Fuhrhop: Selbstverständlich ist das nur ein theoretischer Wert. Manche
möchten gerne viel Fläche nutzen, andere können aus unterschiedlichsten
Gründen ihren Wohnraum nicht teilen. Aber wenn nur zehn Prozent davon
erschlossen würden, dann hätte man zusätzlichen Wohnraum für 24.000
Menschen, also so viel, wie man durch den Bau von 12.000 Wohnungen schaffen
würde. Und es ist klar: Viele Menschen sind unglücklich allein in ihrem
leeren Haus. Die würden sich über Unterstützung freuen. Aber Hamburg lässt
die im Stich. Politik sollte endlich anfangen, diesen unsichtbaren Wohnraum
zu nutzen.
taz: Ohne Zwang?
Fuhrhop: Ja, das ist ganz wichtig. Wohnen ist ein sensibles Thema. Und wir
tun gut daran, uns ausschließlich auf die zu konzentrieren, die freiwillig
eine Einliegerwohnung oder eine Etage neu beleben wollen und dabei
Unterstützung brauchen. Modelle dafür gibt es genug: Sehr erfolgreich ist
der „Wohnen für Hilfe“-Ansatz. Das ist kein normales Mietverhältnis,
sondern ein soziales Programm, das junge und ältere Menschen
zusammenbringt. Die jungen Leute verpflichten sich, sie auch ein wenig im
Alltag zu unterstützen, mal einzukaufen oder manchmal auch nur, ihnen ein
wenig Gesellschaft zu leisten.
taz: Und das bringt was?
Fuhrhop: In Brüssel [7][zum Beispiel] werden dadurch jedes Jahr 400
Wohnpartnerschaften vermittelt.
taz: Wow!, dabei ist Brüssel ja viel kleiner als Hamburg…

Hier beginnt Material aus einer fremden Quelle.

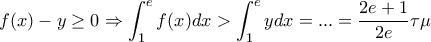 \displaystyle{f(x)-y\geq 0 \Rightarrow \int_{1}^{e}f(x)dx>\int_{1}^{e}ydx=...=\frac{2e+1}{2e} \tau \mu}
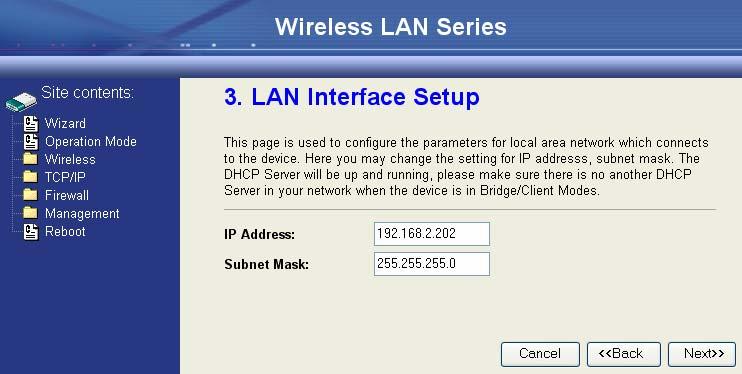 5. Press Next>> button then set the IP address of LAN interface. 6.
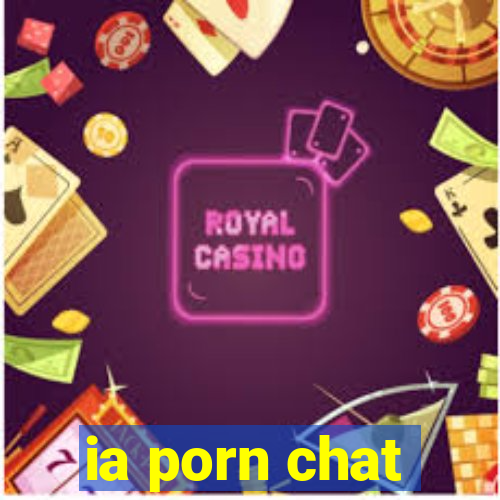 ia porn chat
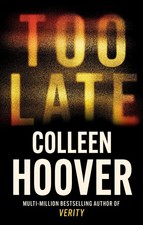 Colleen hoover too late - colleen,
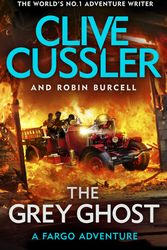 Cover Art for 9780241349496, The Grey Ghost: Fargo Adventures #10 (Action Books) by Clive Cussler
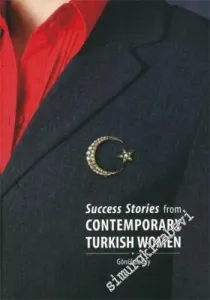 Success Stories from Contemporary Turkish Women -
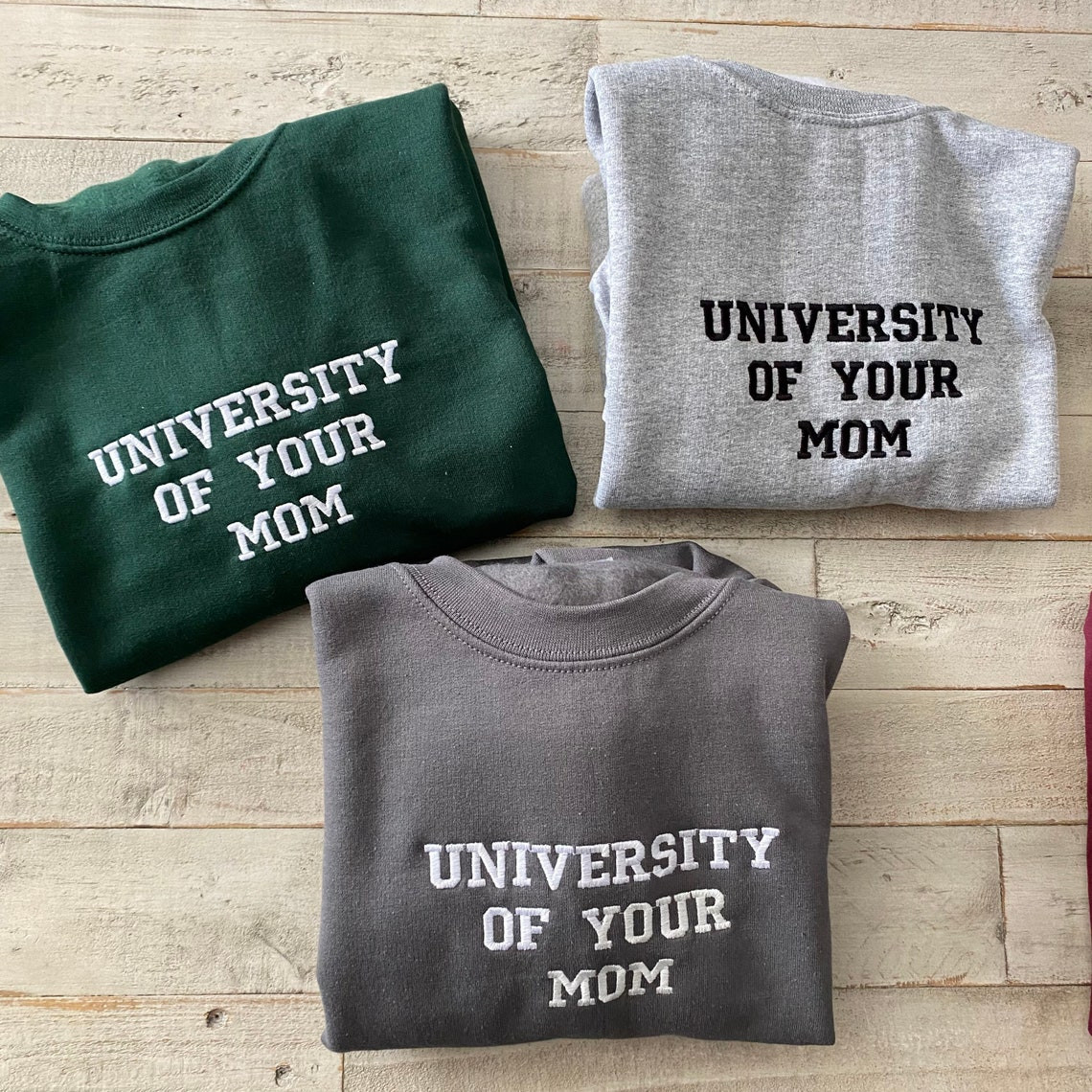 University Of Your Mom Embroidered Sweatshirt Unisex Sweatshirt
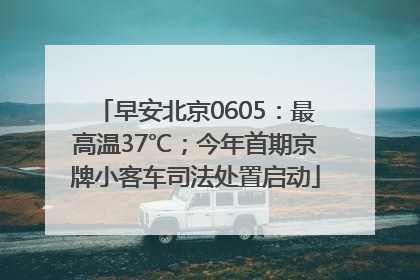 早安北京0605：最高温37℃；今年首期京牌小客车司法处置启动
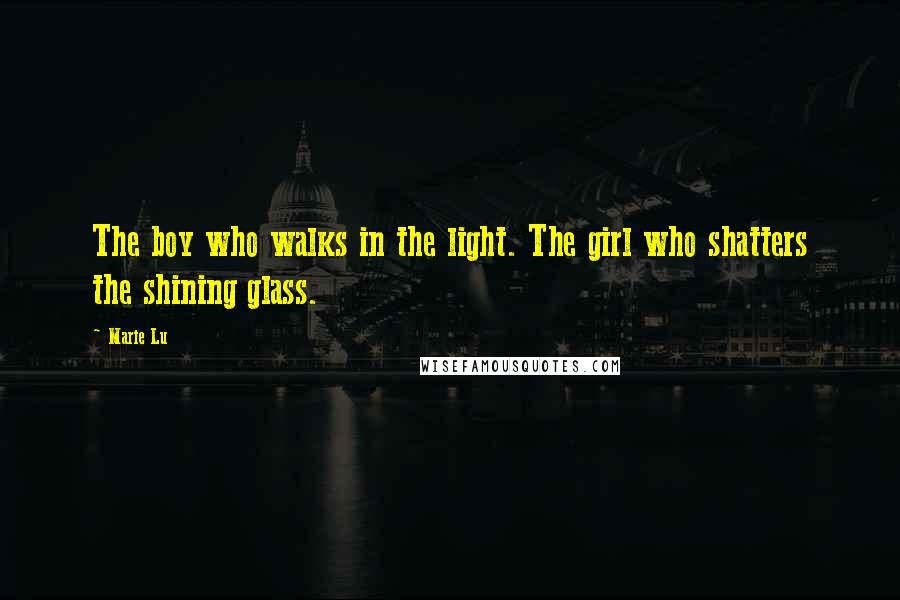 Marie Lu Quotes: The boy who walks in the light. The girl who shatters the shining glass.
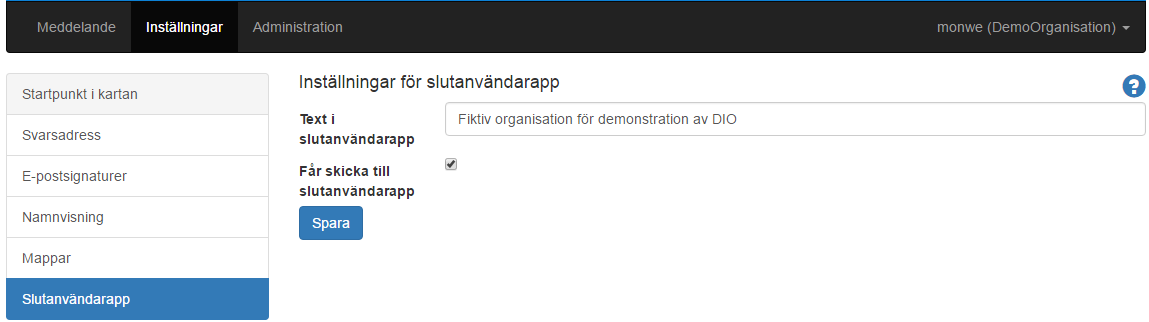 7 a. Administrera Slutanvändarapp För att kunna erbjuda slutkunder driftsinformation via nedladdning av Slutanvändarappen behöver följande inställningar först utföras: Varje DIO-ansluten organisation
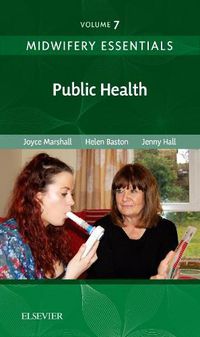 Cover image for Midwifery Essentials: Public Health: Volume 7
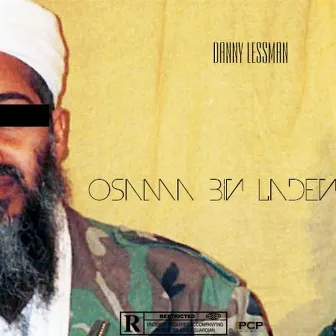 Osama Bin Laden by Danny Lessman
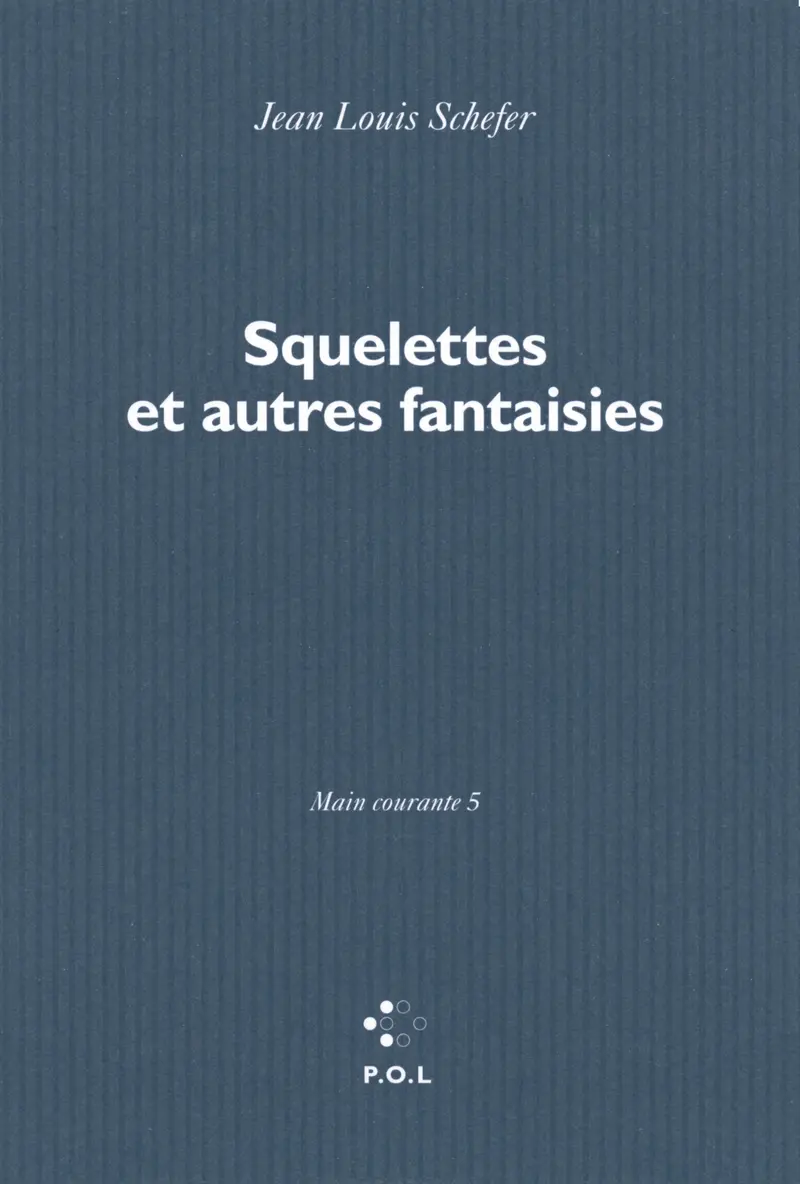 Squelettes et autres fantaisies - Jean Louis Schefer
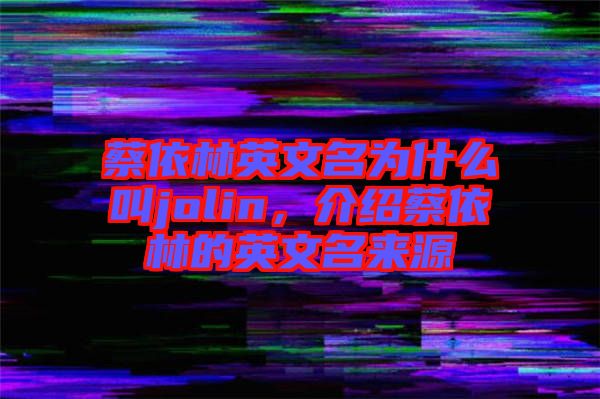 蔡依林英文名為什么叫jolin，介紹蔡依林的英文名來源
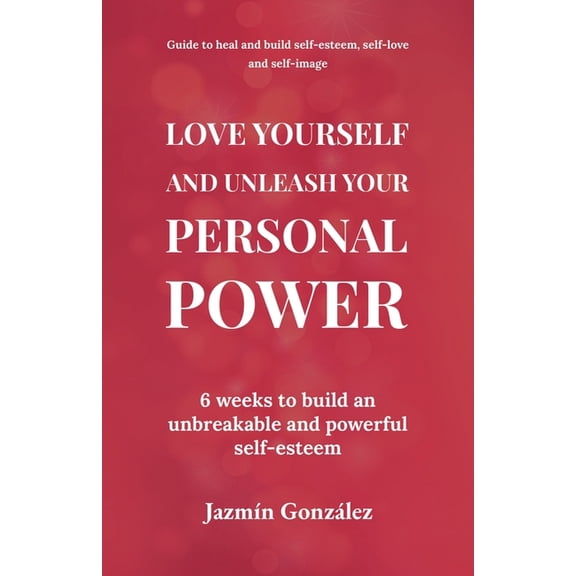 Self-Esteem, Self-Love and Self-Image Love Yourself and Unleash Your Personal Power: 6 Weeks to Heal and Build an Unbreakable and Powerful Self-esteem, (Paperback)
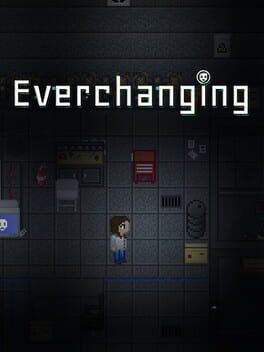 Everchanging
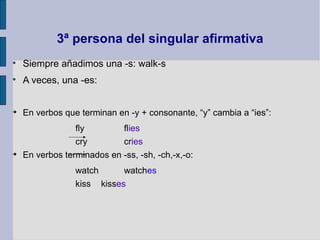 3ª persona del singular afirmativa

    Siempre añadimos una -s: walk-s

    A veces, una -es:



    En verbos que terminan en -y + consonante, “y” cambia a “ies”:
                 fly        flies
                 cry        cries

    En verbos terminados en -ss, -sh, -ch,-x,-o:
                 watch      watches
                 kiss kisses
 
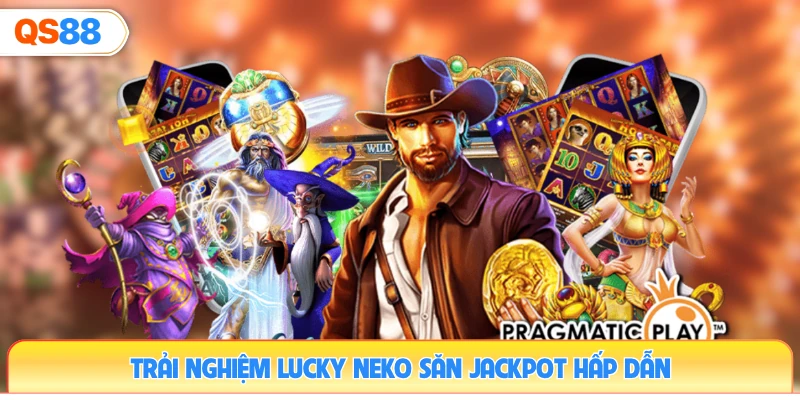 trai-nghiem-lucky-neko-san-jackpot-hap-dan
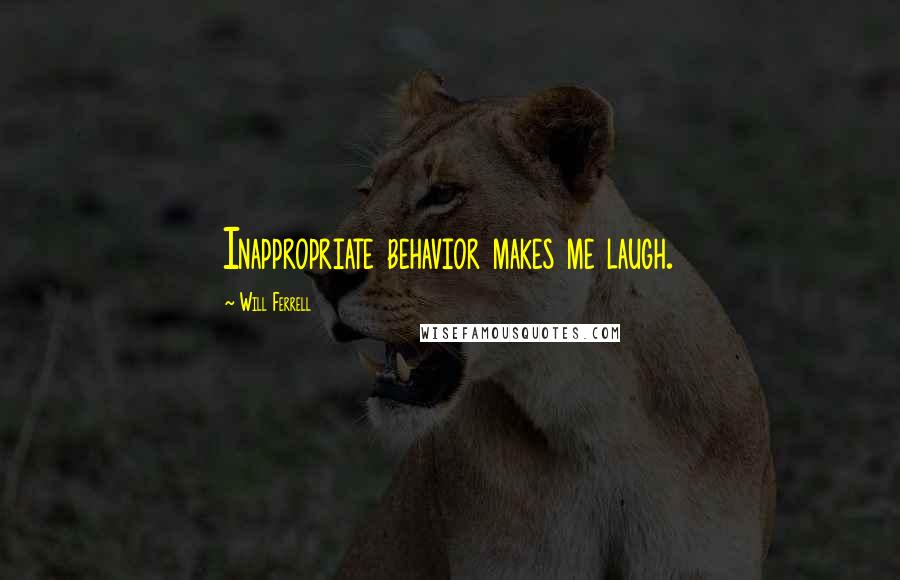 Will Ferrell Quotes: Inappropriate behavior makes me laugh.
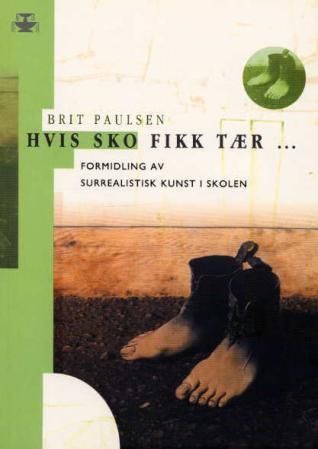 Hvis sko fikk tær-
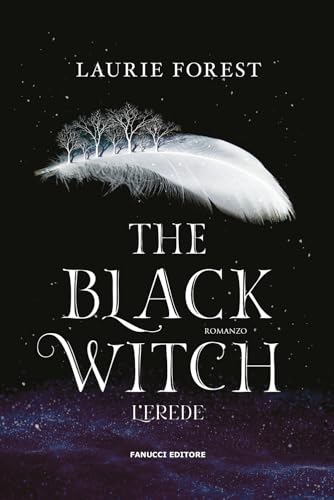 The Black Witch. L'erede. The Black Witch Chronicles vol. 1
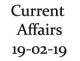 Current Affairs 19th February 2019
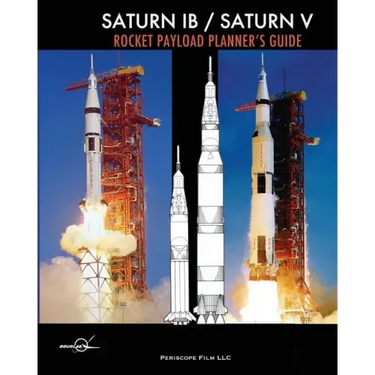 Saturn IB / Saturn V Rocket Payload Planner's Guide
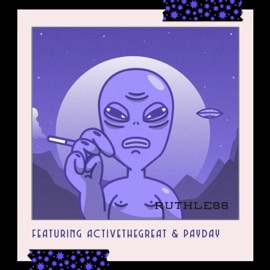 Ruthless (feat. Activethegreat & $payDay) Luiii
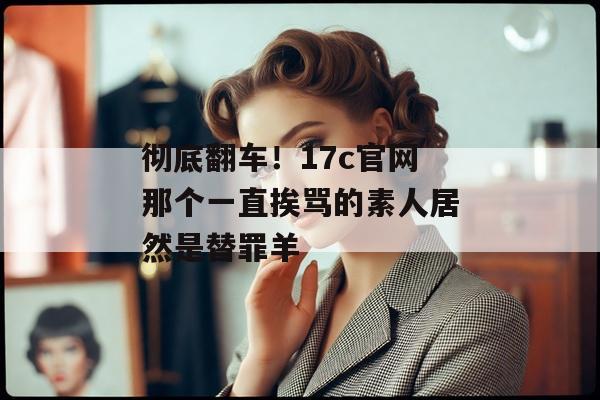 彻底翻车！17c官网那个一直挨骂的素人居然是替罪羊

Fuhrhop: Das Modell funktioniert aber nur, wenn es eine seriöse
Vermittlungsstelle gibt – damit beide Seiten wissen, an wen sie geraten. In
Hamburg könnten damit jedes Jahr rund 800 junge Menschen, Studierende oder
Azubis, eine Wohnung finden. Bloß: Ein solches Programm gibt es in Hamburg
nicht.
taz: Warum?
Fuhrhop: Aus der Bürgerschaft heraus hatte es sogar eine entsprechende
Initiative gegeben. Der Senat hatte sich dann die Negativbeispiele
angeschaut: Tatsächlich wird „Wohnen für Hilfe“ in Deutschland leider oft
sehr schlecht durchgeführt. Allerdings fehlten ihm die Kraft und der Mut,
die Fälle im In- und Ausland zu betrachten, in denen das Modell gut
funktioniert.
taz: Was macht denn den Unterschied aus?
Fuhrhop: Das ist leicht feststellbar: Wo das Vermitteln halbherzig und
unprofessionell angegangen wird, wie bei sozialen Programmen in Deutschland
leider oft der Fall, funktioniert es nicht. Wenn man jemanden nur acht
Stunden die Woche für dieses Thema abstellt oder glaubt, die gesamte
Vermittlungsarbeit durch ehrenamtliche Tätigkeit abdecken zu können, darf
man sich nicht über schlechte Ergebnisse wundern.
taz: Es kostet also doch Geld!
Fuhrhop: In der Tat. Eine solche Stelle würde im ersten Jahr rund 100.000
Euro kosten, also [8][so viel, wie in Hamburg gegenwärtig der Neubau eines
einzigen Wohnheimplatzes]. Zugleich hätte das Modell aber den besonderen
Charme, dass es sich danach durch Vermittlungsgebühr selbst finanzieren
würde.
taz: Bloß mag Hamburg so eine Stelle nicht einrichten…?
Fuhrhop: Deshalb ist es wichtig, dieses soziale Programm als
Wohnraum-Programm zu begreifen. Dann fällt es vermutlich leichter, die
gleichen Ansprüche an sie anzulegen, wie bei der konventionellen
Wohnraumbeschaffung, also beim Bauen. Niemand würde doch die Planung und
das Erschließen eines Neubaugebiets von einer Person betreuen lassen, die
das nur am Wochenende ehrenamtlich macht.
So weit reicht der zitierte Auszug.